Direct anger, rage and grief is probably not going to help us: few people are able or willing to engage in the face of a flood of negative emotion. Added to which, there are more than likely people immediately around us who have had abortions and for whom this conversation may trigger significant regret, grief or shame. They need our compassion, not our wrath.
So, what could we say? How could we engage meaningfully and helpfully? It seems to me that one of the results from this video is that there are people who have been pro-choice who are genuinely rethinking their position on abortion. Cognitive Dissonance is the mental stress or discomfort experienced by an individual who holds two or more contradictory beliefs, ideas, or values at the same time, or is confronted by new information that conflicts with existing beliefs, ideas, or value. The videos seem to be increasing many people’s distress: pointing out that, for example, they might hold contradictory beliefs on what is going on in a pregnant woman’s belly at twenty weeks. Baby? Or intact fetal tissue?
So I’m wondering: where are the opportunities for us to point out that the 20-week-and-younger lives are worth honoring?
How can we show support for those who miscarry early? One of the most meaningful things to me when we lost out first baby were friends who brought us a funeral wreath. At first the flowers seemed over the top for such an early loss, but their acknowledgment that this was a funeral—a burying of a child—was significant to me. What if we showed big support, acknowledging not just that they have experienced loss, but what (or more accurately, who) they have lost.
How can we talk with people about prenatal testing? There are opportunities and questions there.
I’m not the world’s biggest fan of themed parties, but perhaps we should make a big deal of those gender reveal parties. What if we practiced looking at ultrasounds, and trained our habits to notice and celebrate the details: the eyelids, the fingers, the shape of the ears. At our 20 week ultrasound with our last baby, not only could we see our baby’s heart – the image was so clear we could see the four chambers of our baby’s heart, with blood pulsing between them.

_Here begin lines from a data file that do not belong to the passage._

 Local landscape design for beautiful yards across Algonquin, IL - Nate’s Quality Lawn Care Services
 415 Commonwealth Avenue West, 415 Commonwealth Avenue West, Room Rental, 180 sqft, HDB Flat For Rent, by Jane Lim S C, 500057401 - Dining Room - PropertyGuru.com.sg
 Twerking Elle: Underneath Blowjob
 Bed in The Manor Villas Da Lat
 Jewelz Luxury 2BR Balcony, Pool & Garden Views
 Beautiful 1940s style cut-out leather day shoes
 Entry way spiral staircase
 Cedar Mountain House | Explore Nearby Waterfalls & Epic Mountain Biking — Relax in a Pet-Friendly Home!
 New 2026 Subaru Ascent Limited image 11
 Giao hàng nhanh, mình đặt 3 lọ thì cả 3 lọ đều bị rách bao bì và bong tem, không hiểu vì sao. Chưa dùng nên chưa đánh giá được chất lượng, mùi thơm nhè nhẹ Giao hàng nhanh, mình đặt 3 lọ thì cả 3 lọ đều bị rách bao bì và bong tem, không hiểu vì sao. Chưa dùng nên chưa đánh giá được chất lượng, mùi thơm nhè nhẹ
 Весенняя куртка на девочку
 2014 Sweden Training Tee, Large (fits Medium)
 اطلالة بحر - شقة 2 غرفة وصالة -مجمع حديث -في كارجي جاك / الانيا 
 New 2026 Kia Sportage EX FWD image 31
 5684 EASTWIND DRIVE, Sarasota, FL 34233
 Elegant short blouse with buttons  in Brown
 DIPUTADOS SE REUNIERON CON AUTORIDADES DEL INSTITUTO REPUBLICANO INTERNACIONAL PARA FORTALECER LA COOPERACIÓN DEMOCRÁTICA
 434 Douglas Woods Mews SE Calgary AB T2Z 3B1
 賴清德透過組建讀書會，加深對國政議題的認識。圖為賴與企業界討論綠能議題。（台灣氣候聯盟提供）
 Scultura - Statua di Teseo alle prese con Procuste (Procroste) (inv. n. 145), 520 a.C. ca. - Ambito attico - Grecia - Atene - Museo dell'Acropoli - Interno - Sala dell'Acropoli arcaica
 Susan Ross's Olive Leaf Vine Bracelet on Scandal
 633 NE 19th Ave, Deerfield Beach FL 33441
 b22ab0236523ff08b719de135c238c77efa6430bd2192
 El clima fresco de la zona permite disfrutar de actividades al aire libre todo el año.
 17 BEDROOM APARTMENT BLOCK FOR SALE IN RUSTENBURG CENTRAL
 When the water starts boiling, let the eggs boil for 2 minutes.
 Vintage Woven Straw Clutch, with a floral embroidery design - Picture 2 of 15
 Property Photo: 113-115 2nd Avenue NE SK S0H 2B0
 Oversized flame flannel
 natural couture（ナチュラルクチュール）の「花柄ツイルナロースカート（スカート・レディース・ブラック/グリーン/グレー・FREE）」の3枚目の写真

Maybe the fact that 20 week ultrasounds are the norm–and are celebrated—provide us with a specific benchmark to talk about the humanity of life at that stage. Maybe we could be as blunt as sharing the videos on social media and saying “this baby was the same age as my Mary-Louise when we first saw her fingers and toes!”
Those 20 week old babies may not be “viable” yet (the world’s most preemie baby was born at 21 weeks), but maybe we need to think and look for opportunities to celebrate them as we have opportunity. Because, were it not for a different choice on the part of the parent, that 20 week old could, quite legally, be facing such a different outcome.
Let’s talk about it. Let’s engage. Let’s show compassion and wisdom in how we approach this. The videos are horrific**, but I believe they provide us with a opportunity to advocate and build compassion. To do nothing, and to say nothing, is not a viable option.
I’d love to hear your thoughts about how we can respond well in the comments below.
**[An aside about the videos: Yes, the videos are highly edited and were published with a specific agenda (but then again – so is all media we see and read. Every interview we read was transcribed and edited for length. Every bit of investigative journalism curates the sound bytes: from Fox News to CNN to 60 minutes to Al Jazeera. And, the fact that we know certain publications or channels have a “character” to them—specific things they cover and specific angles they take—tells us they have an agenda too in their news selection). But the question is: what will we do with the information that is clearly there?]